考虑到朔华、封淼毕竟和楚邑是兄弟,燕束力主此次追杀只由他和断肠去完成,他不想楚邑惨死在朔华面前。恨归恨,当面对兄弟临死前的挣扎时,朔华还是会受不了的。
当他说出自己的计划后,朔华勉强同意了。有勿图难答的帮忙,燕束和断肠应该不会有什么危险。
封淼瞥了朔华一眼道:“三哥你好兴奋啊。”
朔华浑然不觉,依旧满脸笑容冲燕束挥着手。
“这样子真傻。”封淼嘟哝着。
转眼间燕束已来到了面前,朔华拉住缰绳体贴地扶着燕束下马。
燕束平静地说:“楚邑死了。”
虽然早有心理准备,但听到这句话时,朔华和封淼还是沉默了。兄弟几人往日的恩恩怨怨顿时涌上心头。
封淼叹了口气道:“咱们也可以回去禀告父皇了。”
燕束笑道:“广福王殿下,霄皇可是命你来拿我的。”
封淼四处看看,一脸无辜地说:“你在哪里?我没见着啊?没见着怎么拿?”
“多谢!”燕束抱拳道。
他转向朔华,眼神中带着笑意。
“朔华,我们不能和你一同回去,免得给四皇子惹麻烦。另外我们还要去看看这里的老友。所以。。。”
朔华虽然有些不舍,但仍然点点头道:“明白。”
封淼无奈地走过来拉着朔华的手边走边说:“分别只是暂时的,三哥你不用跟个怨妇似的。”

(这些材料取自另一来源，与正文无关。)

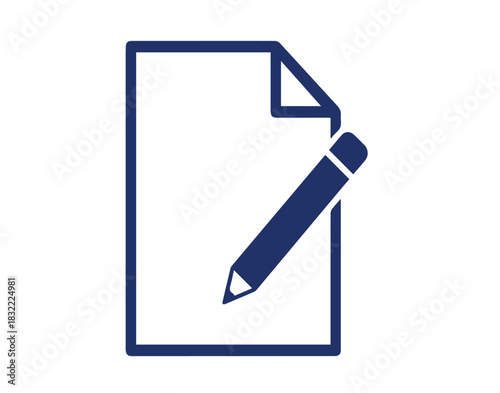 Simple icon of a document and pencil, representing writing or planning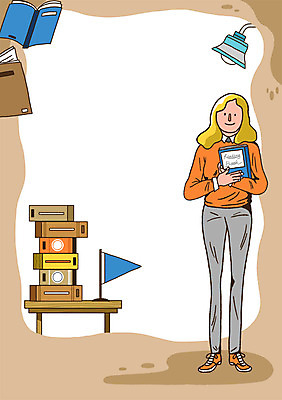 전신 PSD 라이프스타일 여자 교육 일러스트 탁자 조명 한명 서기 들기 사람 성인 취미 라이프 책 독서 쌓기 깃발 국내일러스트 1 가구 모션 생활 파일형식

朔华一步三回头地望着燕束道:“你。。。早点回来啊。”
燕束脸一红,啐道:“赶紧走!”
鬼师用手肘碰了碰断肠小声问:“我怎么觉得他们两人有点。。。那个。。。”
断肠抬头看向天空回道:“我什么都没看见。”
郝七郎向燕束一抱拳道:“燕公子,我先回霄京了。”
燕束从腰袋里掏出一小包银子道:“安顿好家里。”
郝七郎连忙摆手,但在燕束的一再坚持下终于收下了。
“燕公子,我这次回去一定探出公子的真实面目!”
“莫要勉强,小心为上。”燕束叮嘱道。
片刻之后,榆林城外的树林边只剩下燕束、断肠和鬼师。
他们商议了一下,各自打马往榆林西边的群山而去。

霄京。大寒。阴。
燕束三人骑马走进城来,熟悉的街道,熟悉的氛围,一切如故。却又好像有些不太一样。
离水月坊越来越近了,远远看去,昔日热闹的门前却空无一人。连路过的行人都加快了脚步避开去,似乎一靠近那里便会被厄运缠身。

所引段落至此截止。